The Russia Services Business Activity Index shrank to 43.9 in January, the lowest since May 2009, from 45.8 in December, according to data released by HSBC Holdings Plc and Market Economics on Wednesday. A reading below 50 signals contraction.
The world's biggest energy exporter is entering its first recession in six years as low oil prices compound damage from penalties imposed by the US and the European Union over the country's role in the Ukrainian conflict. Russia must prepare for a hard lending as the crisis may be worse than in 2008-2009, First Deputy Prime Minister Igor Shuvalov said last month.
"Firms again linked cost pressures to the rouble crisis as well as higher rents, fuel costs and interest rates," HSBC said in the report.

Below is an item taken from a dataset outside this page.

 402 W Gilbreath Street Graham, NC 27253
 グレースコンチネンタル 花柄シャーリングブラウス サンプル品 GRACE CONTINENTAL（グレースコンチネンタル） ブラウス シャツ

The rouble slid 13 per cent in January, after plunging 46 per cent last year. The rouble traded up less than 0.1 per cent at 65.1250 against the US dollar by 10:35am in Moscow, rallying this week after the central bank unexpectedly cut its benchmark rate Friday.
Policy makers, led by Governor Elvira Nabiullina, reduced the key rate by 200 basis points from 17 per cent, an 11-year high, following calls from officials and business leaders, including billionaire Oleg Deripaska and VTB Group head Andrey Kostin, to ease borrowing costs and aid the cooling economy.
Gross domestic product may contract 3 per cent this year if the oil price averages US$50 per barrel, Economy Minister Alexei Ulyukayev said Jan 3. Retail sales may contract 8 per cent, while investment in productive capacities are seen shrinking 13 per cent, according to Ulyukayev.
Manufacturing is also suffering, with the Purchasing Managers' Index contracting 47.6 last month, the lowest since June 2009, from 48.9 in December, HSBC said on Monday.